Work required -
Each entry below has to be written out again without any change.

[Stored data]
------------------------------------------------------------
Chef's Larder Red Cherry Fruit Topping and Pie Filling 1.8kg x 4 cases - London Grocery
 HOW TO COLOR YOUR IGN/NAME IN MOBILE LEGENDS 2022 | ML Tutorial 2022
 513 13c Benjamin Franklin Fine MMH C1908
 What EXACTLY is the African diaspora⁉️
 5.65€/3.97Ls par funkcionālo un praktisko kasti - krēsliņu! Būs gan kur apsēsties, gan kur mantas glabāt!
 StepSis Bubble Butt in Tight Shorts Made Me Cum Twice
------------------------------------------------------------
Solution for this task -
Chef's Larder Red Cherry Fruit Topping and Pie Filling 1.8kg x 4 cases - London Grocery
 HOW TO COLOR YOUR IGN/NAME IN MOBILE LEGENDS 2022 | ML Tutorial 2022
 513 13c Benjamin Franklin Fine MMH C1908
 What EXACTLY is the African diaspora⁉️
 5.65€/3.97Ls par funkcionālo un praktisko kasti - krēsliņu! Būs gan kur apsēsties, gan kur mantas glabāt!
 StepSis Bubble Butt in Tight Shorts Made Me Cum Twice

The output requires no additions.